Goal of the exercise: Skip the pictures. Give all the data again exactly.

Supplied material:

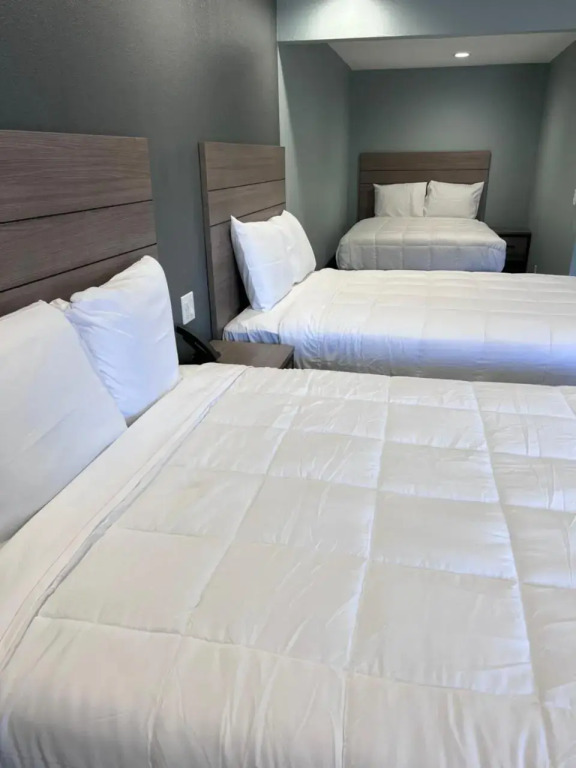 Travelodge Santa Cruz Riviera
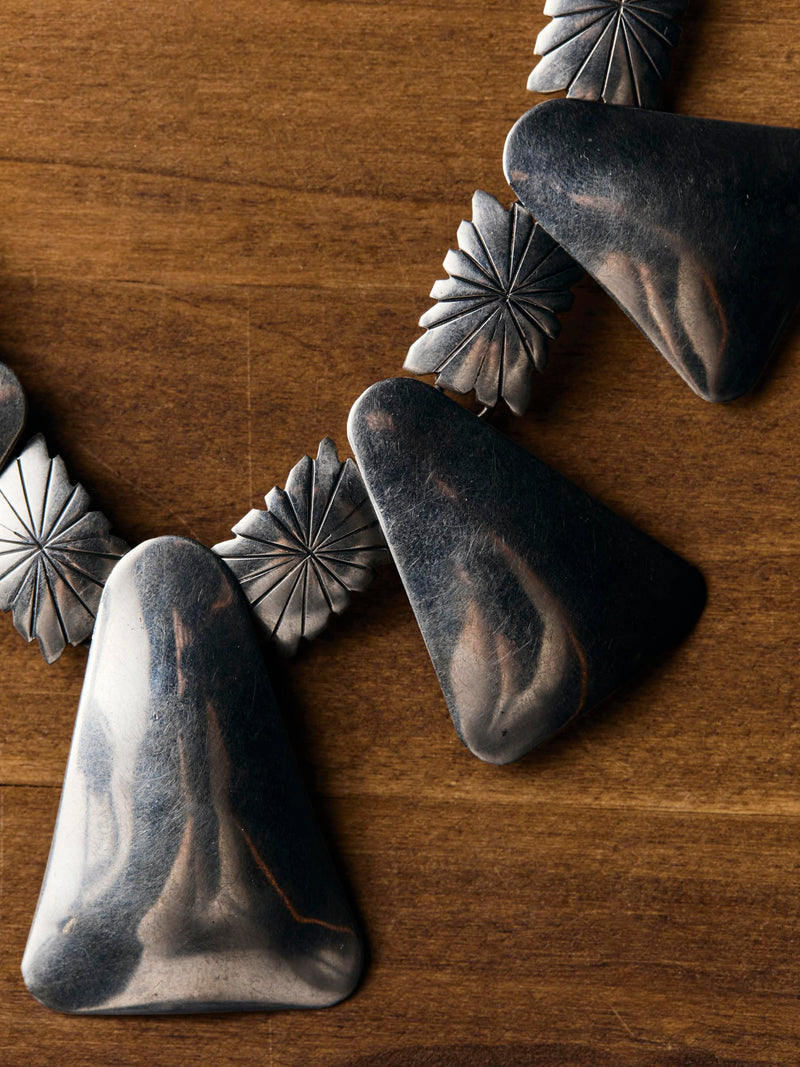 vintage navajo shield necklace - Model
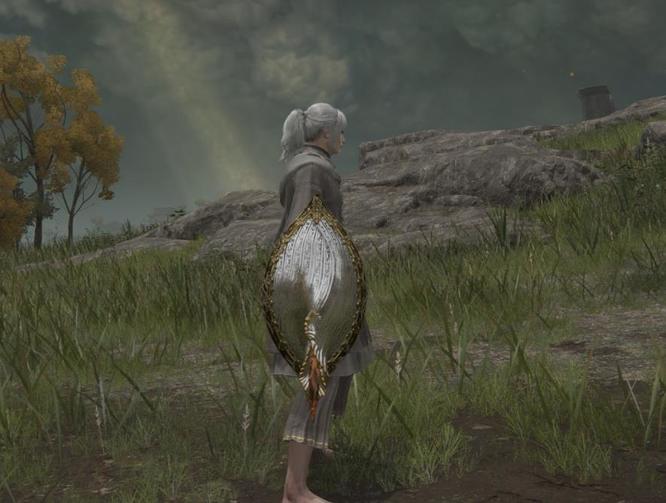 老头环白银盾怎么样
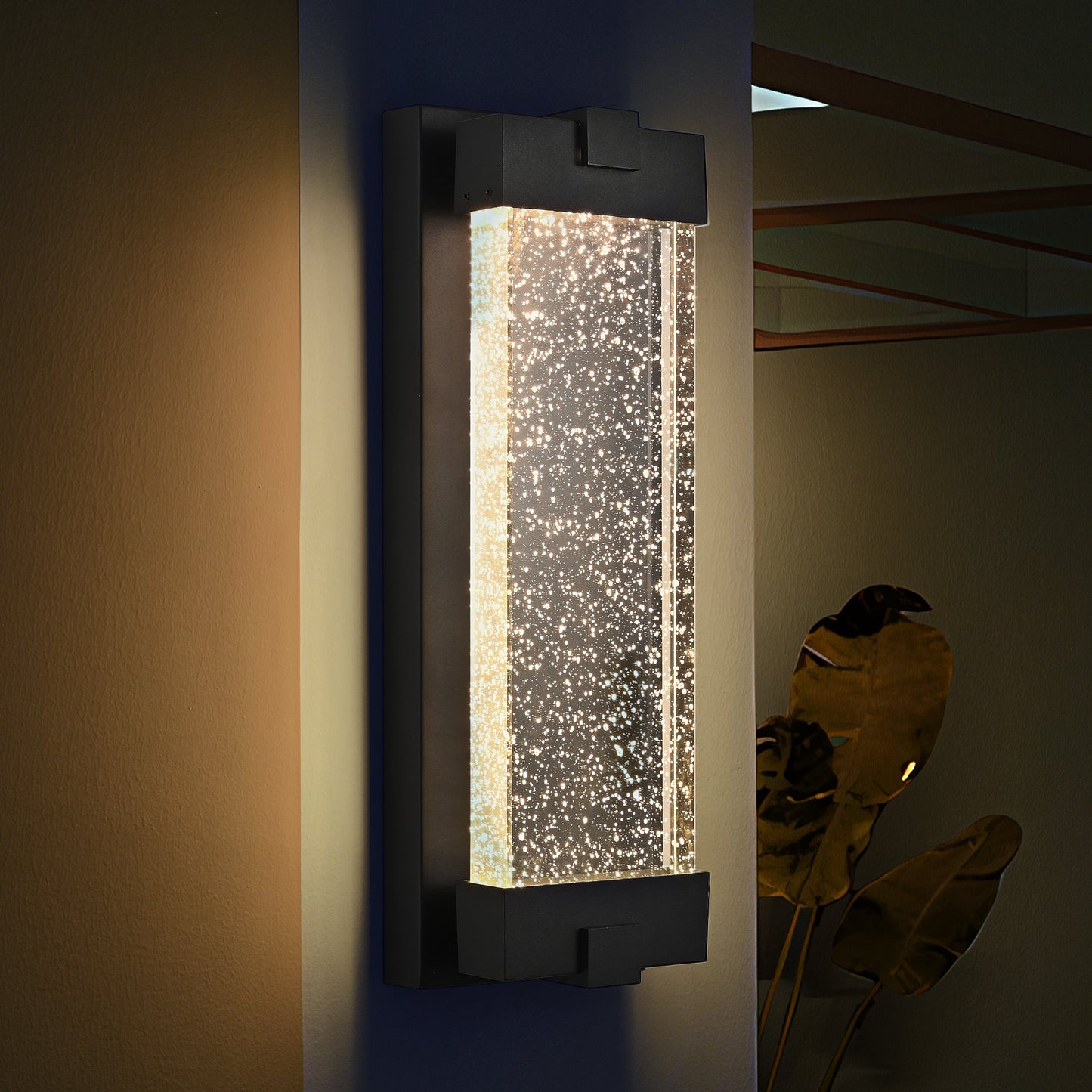 Black Aluminum Finish Outdoor Wall Light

Output of the task:
 Travelodge Santa Cruz Riviera
 vintage navajo shield necklace - Model
 老头环白银盾怎么样
 Black Aluminum Finish Outdoor Wall Light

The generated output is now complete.